Crazy Horse and Gall: Sioux leaders; central to Little Bighorn victory.
George A. Custer: U.S. Army officer; defeated at Little Bighorn (1876); death symbolized cultural clash.
Dawes Act (1887): Federal law; aimed at assimilating Native Americans (broke reservations, distributed land); resulted in significant tribal land loss.
Dawes Act; Ghost Dance; Wounded Knee (1890): Key moments in suppression of traditional Native cultures.
William F. Cody (Buffalo Bill) and the Wild West Show: Popularized romanticized frontier image.
Oliver Hudson Kelley; the Grange; Farmers’ Alliances; Populism: Grassroots movements organizing farmers vs. monopolies/debt; influenced national policy.
Homestead Act (1862): Land grant (160 acres to households); ~600{,}000 families benefited; Oklahoma land rush (1889) expanded settlement (“Sooner State”).
Morrill Acts (1862, 1890) and Hatch Act (1887): Federal support for agricultural education/research; led to colleges/improved farming.
Barbed wire (1874): Transformed land use; enabled enclosure, ended open-range cattle era.
The Chisholm Trail; Abilene, Kansas: Key pathways for cattle drives, growth of cattle industry.
Ghost Dance: Spiritual movement among Sioux; sought to restore traditional life/lands.

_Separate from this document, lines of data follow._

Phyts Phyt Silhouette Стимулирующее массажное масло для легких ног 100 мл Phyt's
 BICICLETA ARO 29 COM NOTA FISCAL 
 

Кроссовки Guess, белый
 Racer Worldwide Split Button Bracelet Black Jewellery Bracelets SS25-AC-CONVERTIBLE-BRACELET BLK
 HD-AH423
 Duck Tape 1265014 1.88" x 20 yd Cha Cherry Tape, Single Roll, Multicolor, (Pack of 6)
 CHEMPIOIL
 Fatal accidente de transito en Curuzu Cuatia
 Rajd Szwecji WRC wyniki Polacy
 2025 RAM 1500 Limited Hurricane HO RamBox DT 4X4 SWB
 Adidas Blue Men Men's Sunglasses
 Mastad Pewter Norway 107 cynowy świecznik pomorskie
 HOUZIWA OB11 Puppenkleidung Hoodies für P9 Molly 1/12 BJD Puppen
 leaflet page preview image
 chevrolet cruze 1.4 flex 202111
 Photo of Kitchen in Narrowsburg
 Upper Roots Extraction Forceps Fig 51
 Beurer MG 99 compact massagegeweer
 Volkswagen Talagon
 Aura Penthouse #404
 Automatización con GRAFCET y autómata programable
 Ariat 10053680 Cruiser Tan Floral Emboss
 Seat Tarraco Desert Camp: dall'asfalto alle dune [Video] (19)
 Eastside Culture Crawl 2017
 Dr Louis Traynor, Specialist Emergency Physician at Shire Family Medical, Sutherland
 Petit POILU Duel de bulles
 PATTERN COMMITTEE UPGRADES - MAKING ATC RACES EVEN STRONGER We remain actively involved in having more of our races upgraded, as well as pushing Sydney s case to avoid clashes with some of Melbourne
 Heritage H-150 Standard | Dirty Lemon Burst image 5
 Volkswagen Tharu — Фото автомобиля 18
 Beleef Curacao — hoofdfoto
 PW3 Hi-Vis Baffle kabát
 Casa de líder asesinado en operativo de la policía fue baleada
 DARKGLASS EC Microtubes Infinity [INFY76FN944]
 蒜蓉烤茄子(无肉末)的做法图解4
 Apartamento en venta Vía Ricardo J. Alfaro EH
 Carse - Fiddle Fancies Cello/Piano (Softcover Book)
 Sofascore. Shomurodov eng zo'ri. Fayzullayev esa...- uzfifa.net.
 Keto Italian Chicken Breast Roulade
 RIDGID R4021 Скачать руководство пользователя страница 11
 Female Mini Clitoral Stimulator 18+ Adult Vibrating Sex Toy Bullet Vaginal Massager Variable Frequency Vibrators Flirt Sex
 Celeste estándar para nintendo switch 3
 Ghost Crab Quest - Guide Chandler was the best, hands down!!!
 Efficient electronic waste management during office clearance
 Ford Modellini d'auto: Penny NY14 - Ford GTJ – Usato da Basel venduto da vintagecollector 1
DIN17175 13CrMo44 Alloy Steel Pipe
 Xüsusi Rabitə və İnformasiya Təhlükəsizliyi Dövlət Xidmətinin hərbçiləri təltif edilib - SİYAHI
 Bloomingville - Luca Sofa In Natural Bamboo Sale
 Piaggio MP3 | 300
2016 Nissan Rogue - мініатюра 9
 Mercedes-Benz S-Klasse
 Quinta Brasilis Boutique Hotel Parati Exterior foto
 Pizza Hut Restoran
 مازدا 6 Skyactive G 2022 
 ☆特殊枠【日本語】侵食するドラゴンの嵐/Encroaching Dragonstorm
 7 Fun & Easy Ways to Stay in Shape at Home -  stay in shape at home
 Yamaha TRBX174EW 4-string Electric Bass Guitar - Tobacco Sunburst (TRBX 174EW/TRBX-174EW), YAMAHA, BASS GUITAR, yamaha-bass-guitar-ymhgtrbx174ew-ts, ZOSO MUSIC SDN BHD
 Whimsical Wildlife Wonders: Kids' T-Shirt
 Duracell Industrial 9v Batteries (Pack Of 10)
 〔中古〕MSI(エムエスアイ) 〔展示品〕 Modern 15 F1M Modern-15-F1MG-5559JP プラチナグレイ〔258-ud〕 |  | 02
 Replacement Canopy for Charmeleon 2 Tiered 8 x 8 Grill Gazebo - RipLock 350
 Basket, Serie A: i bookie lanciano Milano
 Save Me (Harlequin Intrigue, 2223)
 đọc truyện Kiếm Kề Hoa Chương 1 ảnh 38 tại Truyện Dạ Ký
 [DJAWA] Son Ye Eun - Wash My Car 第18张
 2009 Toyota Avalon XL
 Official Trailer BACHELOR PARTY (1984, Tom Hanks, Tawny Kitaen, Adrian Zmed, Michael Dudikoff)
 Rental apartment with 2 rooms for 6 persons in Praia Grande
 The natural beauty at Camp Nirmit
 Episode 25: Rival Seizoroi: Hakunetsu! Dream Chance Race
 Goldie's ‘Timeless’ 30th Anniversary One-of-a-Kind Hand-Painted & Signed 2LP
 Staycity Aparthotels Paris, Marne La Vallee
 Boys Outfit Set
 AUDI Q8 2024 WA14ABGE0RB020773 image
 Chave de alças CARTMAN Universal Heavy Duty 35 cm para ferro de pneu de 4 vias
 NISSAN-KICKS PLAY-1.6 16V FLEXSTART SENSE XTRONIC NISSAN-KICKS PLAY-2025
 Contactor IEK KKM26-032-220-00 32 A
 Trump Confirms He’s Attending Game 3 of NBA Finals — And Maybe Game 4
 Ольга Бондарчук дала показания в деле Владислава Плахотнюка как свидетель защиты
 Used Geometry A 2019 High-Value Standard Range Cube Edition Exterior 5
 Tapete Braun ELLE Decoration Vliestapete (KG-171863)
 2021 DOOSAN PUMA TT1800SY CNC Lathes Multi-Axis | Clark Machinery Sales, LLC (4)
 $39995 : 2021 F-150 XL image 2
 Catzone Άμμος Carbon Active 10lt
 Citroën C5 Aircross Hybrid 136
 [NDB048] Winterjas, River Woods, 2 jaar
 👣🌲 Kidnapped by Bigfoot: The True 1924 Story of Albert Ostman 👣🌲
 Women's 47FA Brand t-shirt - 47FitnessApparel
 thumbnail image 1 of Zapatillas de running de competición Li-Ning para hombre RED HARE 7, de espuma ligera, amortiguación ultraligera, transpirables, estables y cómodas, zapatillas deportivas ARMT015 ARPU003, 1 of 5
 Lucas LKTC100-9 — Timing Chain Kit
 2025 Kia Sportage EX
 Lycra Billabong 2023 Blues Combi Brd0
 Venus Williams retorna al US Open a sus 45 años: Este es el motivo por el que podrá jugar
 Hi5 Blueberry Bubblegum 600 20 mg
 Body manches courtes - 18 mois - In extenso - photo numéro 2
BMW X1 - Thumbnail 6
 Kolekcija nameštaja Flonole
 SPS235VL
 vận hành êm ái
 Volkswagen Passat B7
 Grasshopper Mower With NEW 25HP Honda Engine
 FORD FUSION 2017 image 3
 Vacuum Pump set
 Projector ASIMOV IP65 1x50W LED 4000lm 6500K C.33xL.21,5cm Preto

The Great Plains as a “breadbasket”: Evolution from desert to major agricultural hub due to innovations.
Connections, Implications, and Reflections
Ethical/philosophical implications: displacement/cultural erasure of Native Americans; conflict (individual vs. communal land); assimilation vs. self-determination.
Practical implications: government policy in shaping settlement/land use/economy; railroads’ power; technological innovations (plows, reapers, windmills, barbed wire) transforming agriculture.
Real-world relevance: recurring themes in American economic policy (regulating monopolies, debt/credit cycles, currency reform/stability).
Era marked shift from frontier myth to complicated narrative: expansion/progress often cost Indigenous cultures, environmental change, social upheaval.
Key Terms and Concepts (glossary-style recap)
Homestead Act: 160 acres to household heads; ~600{,}000 families; led to massive Plains settlement; later land sales funded Native land buy-back.
Dawes Act: Assimilation policy; broke reservations into 160-acre allotments; aimed to end communal landholding; led to significant tribal land loss by 1932.
Barbed wire: Enclosed land; helped end open-range cattle era.
Bonanza farms: Large, single-crop operations (15{,}000–50{,}000 acres); concentrated farming; debt/drought undermined many.
Populism: Reform movement (People’s Party, 1892); advocated monetary reform (bimetallism), direct election of senators, etc.; influenced later policy despite decline.
Silver vs Gold monetary policy: Debate over currency backing; led to 1896 campaign/Bryan’s Cross of Gold speech; gold standard victory decades later.
Ghost Dance: Spiritual movement among Sioux; symbolized resistance/decline; linked to Wounded Knee.
Wounded Knee (1890): End of major Indian wars; symbolized demise of Native resistance.
Chisholm Trail: Major cattle route from Texas to Kansas; Abilene key shipping center; reflected cattle ranching integration with rail.
Final thought: Why these topics matter for your exam
The chapter traces:
Dramatic transformation of American West.
Indigenous cultures adapting, resisting, suffering.
Economic/technological forces opening lands.
Rise/collapse of reform movements.
Enduring myth vs. realities of frontier.
Understanding these threads (cultural clash, policy shifts, economic cycles, innovations, reform) helps analyze how West shaped American history and why debates about land, policy, and identity recur.